--- Data section ---

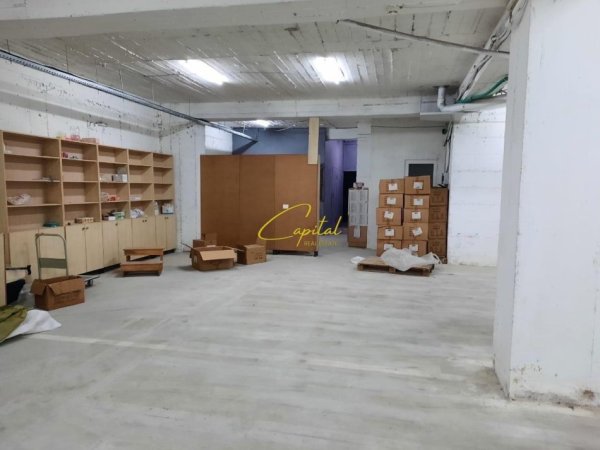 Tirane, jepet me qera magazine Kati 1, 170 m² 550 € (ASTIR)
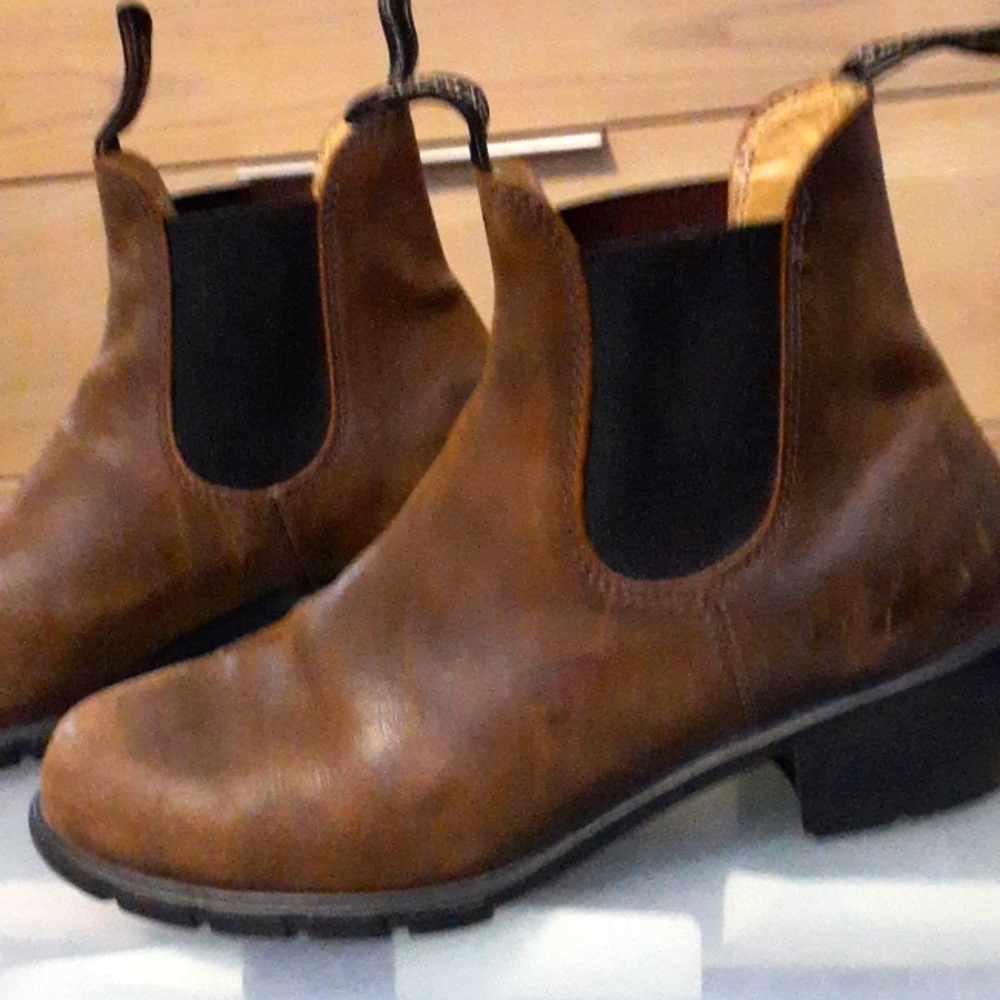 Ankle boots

---
--- Data section ---

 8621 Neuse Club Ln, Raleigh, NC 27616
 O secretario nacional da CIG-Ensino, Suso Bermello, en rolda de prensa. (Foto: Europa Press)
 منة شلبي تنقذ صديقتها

---

### Assigned task:
Repeat the entries above verbatim, but only from the line that has "O secretario nacional" down to the line that has "منة شلبي تنقذ صديقتها", inclusive.

### Answer to this exercise:
 O secretario nacional da CIG-Ensino, Suso Bermello, en rolda de prensa. (Foto: Europa Press)
 منة شلبي تنقذ صديقتها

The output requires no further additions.